07-17-2012, 06:16 AM
(07-17-2012, 04:33 AM)don miguel Wrote: Hi tectak – This is an intriguing, understated poem; but ultimately perhaps too understated, as I did wonder exactly what it was about after reading it. The explanatory note after the first version gave some clues of course, but also suggested that perhaps you hadn't expressed things wholly as intended through the poem itself.Hot Damn! I like this crit more than the poem!!! I will give it more of a read tomorrow. Just for the record, the "torture" bit has left the building.....I never did like it. Jus read it as a sadness. Thanks for this. As I said, I'll be back.
It's written in cross-rhymed quatrains of iambic octameter, which I can't help but mentally realign as tetrameter. I think it's a good decision to use longer lines given the subject, but the way metre is utilised is a bit of an issue. The first line in particular is too regular ('too penty' as Pound said of some of Eliot's lines in The Waste Land – although maybe 'too octy' here!) which gives the poem too jolly a rhythm – te-tum-te-tum.
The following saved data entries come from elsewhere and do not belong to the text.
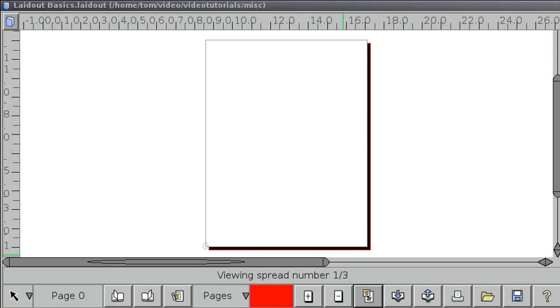Hello, this is a tutorial for Layout version 0.091. I'm going to demonstrate the basics of the interface.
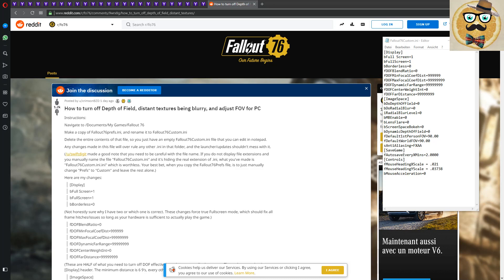In this video I'm going to show you how to turn off depth of field, distant textures being so blurry, and adjust your FOV for Fallout 76 for PC. So hello guys, my name is Mr. Orange, welcome to Streaming Deluxe. I found some awesome news on Reddit, so I'm putting this link in the description of the video.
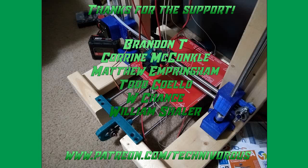The Technivorous channel is brought to you by these fine Patreon supporters. If you'd like to check us out on Patreon, pop over to www.patreon.com/technivorous.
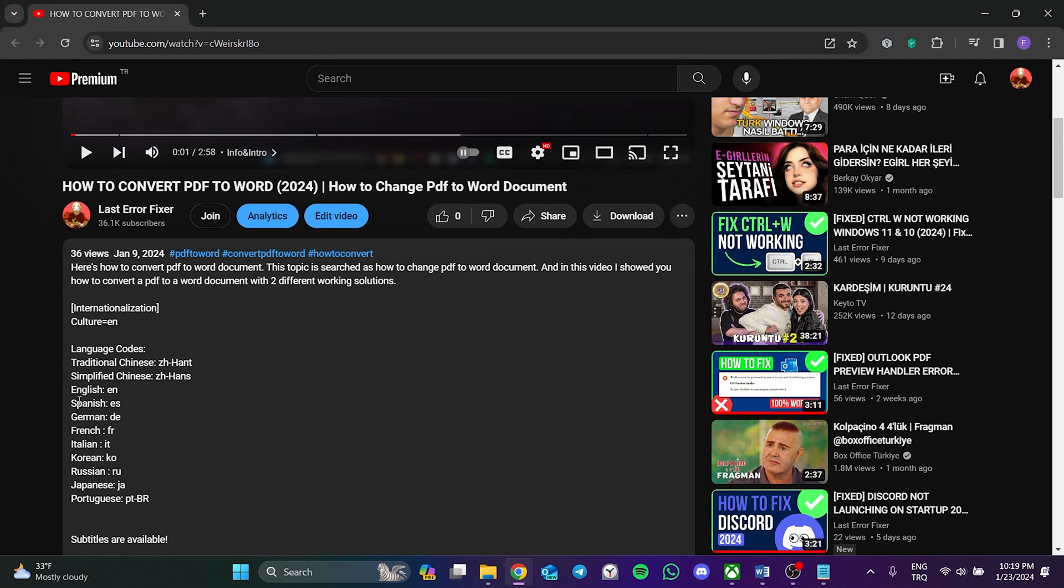As you can see here, there are many languages. What we need to do is copy the code of our preferred language. In this video, I will change Palworld's language to German for example.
This is heightened by the alliteration in the second line, which adds to the lighthearted tone, along with the rhyme scheme. Such jollity seems at odds with the promised 'torture / death' of the title.
Content-wise, it's a slow opening, which isn't much of a problem in itself, although (the 'stretched light' image aside) I do think maybe some hint of what's going on wouldn't go amiss. The repetitive syntax ('The aspic air…', 'The dogs…') and the lack of enjambed lines add to the stasis of this stanza. Maybe longer, more fluid lines of free verse, possibly in the style of C.K. Williams, would be a suitable alternative. Doing so would also mean words like 'somnambulistic' could be accommodated into the poem more easily, without sticking out as much as it does at the moment.
That said, the imagery and imagination shown are compelling – the light 'stretched to ground' is fantastic, especially so given the 'torture' of the title (although this doesn't really seem to be developed in the poem); the air being held by the bamboo shoots is equally inventive and enjoyable to read; likewise 'the effort steaming in their breath'. I like what you're getting at in the final stanza as well, but it wasn't clear enough to really strike home. Have they died fighting for Peace, the poppy being a metaphor for a bullet wound? Or is it a drugs overdose? If so, then why has Peace left a poppy? (And I too was confused by the 'hessian walls'.)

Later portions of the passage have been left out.